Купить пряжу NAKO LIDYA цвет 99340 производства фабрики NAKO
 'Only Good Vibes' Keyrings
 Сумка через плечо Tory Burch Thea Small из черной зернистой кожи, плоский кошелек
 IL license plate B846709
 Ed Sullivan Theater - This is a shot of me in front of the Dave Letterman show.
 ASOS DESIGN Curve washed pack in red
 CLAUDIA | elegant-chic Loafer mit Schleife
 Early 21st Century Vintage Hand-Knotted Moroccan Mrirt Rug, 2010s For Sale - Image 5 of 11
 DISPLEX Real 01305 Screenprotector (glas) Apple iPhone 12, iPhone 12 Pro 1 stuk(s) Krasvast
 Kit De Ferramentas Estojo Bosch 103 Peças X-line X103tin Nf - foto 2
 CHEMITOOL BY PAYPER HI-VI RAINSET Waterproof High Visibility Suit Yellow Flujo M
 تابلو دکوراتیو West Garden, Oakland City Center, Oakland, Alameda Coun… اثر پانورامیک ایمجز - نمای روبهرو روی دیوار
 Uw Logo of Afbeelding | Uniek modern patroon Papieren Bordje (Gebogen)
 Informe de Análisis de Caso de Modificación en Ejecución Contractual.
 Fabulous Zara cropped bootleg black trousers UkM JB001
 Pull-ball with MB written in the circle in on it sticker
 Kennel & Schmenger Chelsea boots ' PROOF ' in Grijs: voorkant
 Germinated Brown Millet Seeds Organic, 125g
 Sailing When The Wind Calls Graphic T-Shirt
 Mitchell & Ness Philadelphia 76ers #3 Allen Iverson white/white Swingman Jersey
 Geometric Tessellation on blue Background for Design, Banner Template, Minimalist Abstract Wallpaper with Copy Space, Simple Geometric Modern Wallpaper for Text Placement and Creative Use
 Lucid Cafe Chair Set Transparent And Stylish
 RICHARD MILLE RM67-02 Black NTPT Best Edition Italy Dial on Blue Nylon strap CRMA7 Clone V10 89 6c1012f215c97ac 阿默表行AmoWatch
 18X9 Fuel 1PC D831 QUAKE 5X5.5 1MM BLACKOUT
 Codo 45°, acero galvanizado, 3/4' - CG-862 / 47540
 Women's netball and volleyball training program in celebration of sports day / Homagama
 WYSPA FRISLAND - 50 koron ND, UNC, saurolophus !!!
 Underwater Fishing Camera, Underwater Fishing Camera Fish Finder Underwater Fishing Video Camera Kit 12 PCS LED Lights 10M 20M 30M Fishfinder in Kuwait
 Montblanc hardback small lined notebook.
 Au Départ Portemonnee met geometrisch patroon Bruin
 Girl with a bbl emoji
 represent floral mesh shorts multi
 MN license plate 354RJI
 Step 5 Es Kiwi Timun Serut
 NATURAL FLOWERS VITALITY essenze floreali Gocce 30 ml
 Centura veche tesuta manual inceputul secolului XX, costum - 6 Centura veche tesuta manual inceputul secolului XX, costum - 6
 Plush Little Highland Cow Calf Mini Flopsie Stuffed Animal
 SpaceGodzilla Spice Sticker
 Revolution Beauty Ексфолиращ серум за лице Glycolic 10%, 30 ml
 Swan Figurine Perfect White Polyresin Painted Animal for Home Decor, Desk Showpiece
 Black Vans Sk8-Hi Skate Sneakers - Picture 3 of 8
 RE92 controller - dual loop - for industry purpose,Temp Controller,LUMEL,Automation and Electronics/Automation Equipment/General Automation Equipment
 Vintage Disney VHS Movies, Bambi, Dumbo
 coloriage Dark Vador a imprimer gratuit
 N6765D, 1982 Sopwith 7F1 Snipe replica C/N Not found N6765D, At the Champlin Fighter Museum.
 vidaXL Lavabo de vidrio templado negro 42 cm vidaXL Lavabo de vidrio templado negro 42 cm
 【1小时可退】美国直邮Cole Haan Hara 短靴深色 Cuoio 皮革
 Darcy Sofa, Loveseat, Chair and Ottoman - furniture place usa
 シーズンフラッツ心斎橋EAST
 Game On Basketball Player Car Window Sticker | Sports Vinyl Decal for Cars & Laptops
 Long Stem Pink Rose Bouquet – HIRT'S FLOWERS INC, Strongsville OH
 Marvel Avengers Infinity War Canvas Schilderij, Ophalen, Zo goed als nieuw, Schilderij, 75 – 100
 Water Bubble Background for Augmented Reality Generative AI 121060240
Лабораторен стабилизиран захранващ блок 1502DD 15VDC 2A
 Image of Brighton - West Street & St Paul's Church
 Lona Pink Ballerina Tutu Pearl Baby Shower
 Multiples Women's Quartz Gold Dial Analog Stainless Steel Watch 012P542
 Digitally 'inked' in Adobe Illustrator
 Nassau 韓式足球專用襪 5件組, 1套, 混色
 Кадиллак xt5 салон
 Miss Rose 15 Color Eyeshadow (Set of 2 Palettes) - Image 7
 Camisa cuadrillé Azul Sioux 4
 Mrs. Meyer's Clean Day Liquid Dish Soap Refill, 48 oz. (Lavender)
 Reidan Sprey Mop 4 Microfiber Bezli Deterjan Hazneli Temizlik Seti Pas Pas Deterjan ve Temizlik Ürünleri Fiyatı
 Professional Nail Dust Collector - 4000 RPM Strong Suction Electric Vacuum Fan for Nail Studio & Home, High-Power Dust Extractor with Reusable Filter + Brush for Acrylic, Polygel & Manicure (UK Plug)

---------------

— TASK PROMPT —
Give each entry again, spelled exactly as shown.

— OUTPUT BELOW —
Купить пряжу NAKO LIDYA цвет 99340 производства фабрики NAKO
 'Only Good Vibes' Keyrings
 Сумка через плечо Tory Burch Thea Small из черной зернистой кожи, плоский кошелек
 IL license plate B846709
 Ed Sullivan Theater - This is a shot of me in front of the Dave Letterman show.
 ASOS DESIGN Curve washed pack in red
 CLAUDIA | elegant-chic Loafer mit Schleife
 Early 21st Century Vintage Hand-Knotted Moroccan Mrirt Rug, 2010s For Sale - Image 5 of 11
 DISPLEX Real 01305 Screenprotector (glas) Apple iPhone 12, iPhone 12 Pro 1 stuk(s) Krasvast
 Kit De Ferramentas Estojo Bosch 103 Peças X-line X103tin Nf - foto 2
 CHEMITOOL BY PAYPER HI-VI RAINSET Waterproof High Visibility Suit Yellow Flujo M
 تابلو دکوراتیو West Garden, Oakland City Center, Oakland, Alameda Coun… اثر پانورامیک ایمجز - نمای روبهرو روی دیوار
 Uw Logo of Afbeelding | Uniek modern patroon Papieren Bordje (Gebogen)
 Informe de Análisis de Caso de Modificación en Ejecución Contractual.
 Fabulous Zara cropped bootleg black trousers UkM JB001
 Pull-ball with MB written in the circle in on it sticker
 Kennel & Schmenger Chelsea boots ' PROOF ' in Grijs: voorkant
 Germinated Brown Millet Seeds Organic, 125g
 Sailing When The Wind Calls Graphic T-Shirt
 Mitchell & Ness Philadelphia 76ers #3 Allen Iverson white/white Swingman Jersey
 Geometric Tessellation on blue Background for Design, Banner Template, Minimalist Abstract Wallpaper with Copy Space, Simple Geometric Modern Wallpaper for Text Placement and Creative Use
 Lucid Cafe Chair Set Transparent And Stylish
 RICHARD MILLE RM67-02 Black NTPT Best Edition Italy Dial on Blue Nylon strap CRMA7 Clone V10 89 6c1012f215c97ac 阿默表行AmoWatch
 18X9 Fuel 1PC D831 QUAKE 5X5.5 1MM BLACKOUT
 Codo 45°, acero galvanizado, 3/4' - CG-862 / 47540
 Women's netball and volleyball training program in celebration of sports day / Homagama
 WYSPA FRISLAND - 50 koron ND, UNC, saurolophus !!!
 Underwater Fishing Camera, Underwater Fishing Camera Fish Finder Underwater Fishing Video Camera Kit 12 PCS LED Lights 10M 20M 30M Fishfinder in Kuwait
 Montblanc hardback small lined notebook.
 Au Départ Portemonnee met geometrisch patroon Bruin
 Girl with a bbl emoji
 represent floral mesh shorts multi
 MN license plate 354RJI
 Step 5 Es Kiwi Timun Serut
 NATURAL FLOWERS VITALITY essenze floreali Gocce 30 ml
 Centura veche tesuta manual inceputul secolului XX, costum - 6 Centura veche tesuta manual inceputul secolului XX, costum - 6
 Plush Little Highland Cow Calf Mini Flopsie Stuffed Animal
 SpaceGodzilla Spice Sticker
 Revolution Beauty Ексфолиращ серум за лице Glycolic 10%, 30 ml
 Swan Figurine Perfect White Polyresin Painted Animal for Home Decor, Desk Showpiece
 Black Vans Sk8-Hi Skate Sneakers - Picture 3 of 8
 RE92 controller - dual loop - for industry purpose,Temp Controller,LUMEL,Automation and Electronics/Automation Equipment/General Automation Equipment
 Vintage Disney VHS Movies, Bambi, Dumbo
 coloriage Dark Vador a imprimer gratuit
 N6765D, 1982 Sopwith 7F1 Snipe replica C/N Not found N6765D, At the Champlin Fighter Museum.
 vidaXL Lavabo de vidrio templado negro 42 cm vidaXL Lavabo de vidrio templado negro 42 cm
 【1小时可退】美国直邮Cole Haan Hara 短靴深色 Cuoio 皮革
 Darcy Sofa, Loveseat, Chair and Ottoman - furniture place usa
 シーズンフラッツ心斎橋EAST
 Game On Basketball Player Car Window Sticker | Sports Vinyl Decal for Cars & Laptops
 Long Stem Pink Rose Bouquet – HIRT'S FLOWERS INC, Strongsville OH
 Marvel Avengers Infinity War Canvas Schilderij, Ophalen, Zo goed als nieuw, Schilderij, 75 – 100
 Water Bubble Background for Augmented Reality Generative AI 121060240
Лабораторен стабилизиран захранващ блок 1502DD 15VDC 2A
 Image of Brighton - West Street & St Paul's Church
 Lona Pink Ballerina Tutu Pearl Baby Shower
 Multiples Women's Quartz Gold Dial Analog Stainless Steel Watch 012P542
 Digitally 'inked' in Adobe Illustrator
 Nassau 韓式足球專用襪 5件組, 1套, 混色
 Кадиллак xt5 салон
 Miss Rose 15 Color Eyeshadow (Set of 2 Palettes) - Image 7
 Camisa cuadrillé Azul Sioux 4
 Mrs. Meyer's Clean Day Liquid Dish Soap Refill, 48 oz. (Lavender)
 Reidan Sprey Mop 4 Microfiber Bezli Deterjan Hazneli Temizlik Seti Pas Pas Deterjan ve Temizlik Ürünleri Fiyatı
 Professional Nail Dust Collector - 4000 RPM Strong Suction Electric Vacuum Fan for Nail Studio & Home, High-Power Dust Extractor with Reusable Filter + Brush for Acrylic, Polygel & Manicure (UK Plug)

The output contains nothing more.